Generate one or more barcharts to visualize the relationship between the loadings or mixture proportions and a selected categorical variable (a factor).

loadings_plot(
  fit,
  x,
  k,
  ggplot_call = loadings_plot_ggplot_call,
  plot_grid_call = function(plots) do.call(plot_grid, plots)
)

loadings_plot_ggplot_call(dat, topic.label, font.size = 9)

Arguments

fit

An object of class “poisson_nmf_fit” or “multinom_topic_model_fit”.

x

A categorical variable represented as a factor. It should have the same number of elements as the number of rows in fit$L.

k

The topic, or topics, selected by number or name.
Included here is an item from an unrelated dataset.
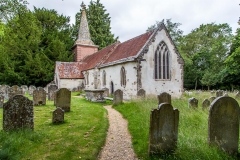 The Parish Church of Brockenhurst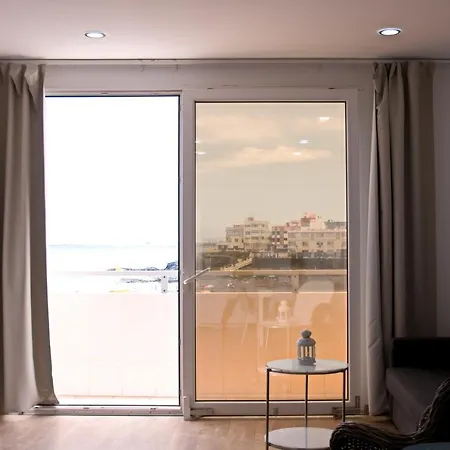 Playa Y Mar - Sea View, Wifi And Ac Lejlighed *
When not specified, all topics are plotted.

ggplot_call

The function used to create the plot. Replace loadings_plot_ggplot_call with your own function to customize the appearance of the plot.

plot_grid_call

When multiple topics are selected, this is the function used to arrange the plots into a grid using plot_grid. It should be a function accepting a single argument, plots, a list of ggplot objects.

dat

A data frame passed as input to ggplot, containing, at a minimum, columns “x” and “loading”.

topic.label

The name or number of the topic being plotted. Only used to determine the plot title.

font.size

Font size used in plot.

Value

A ggplot object.

Details

This is a lightweight interface primarily intended to expedite creation of boxplots for investigating relationships between topics and a categorical variables of interest without having to spend a great deal of time worrying about the plotting settings; most of the “heavy lifting” is done by ‘ggplot2’ (specifically, function geom_boxplot in the ‘ggplot2’ package). For more control over the plot's appearance, the plot can be customized by modifying the ggplot_call and plot_grid_call arguments.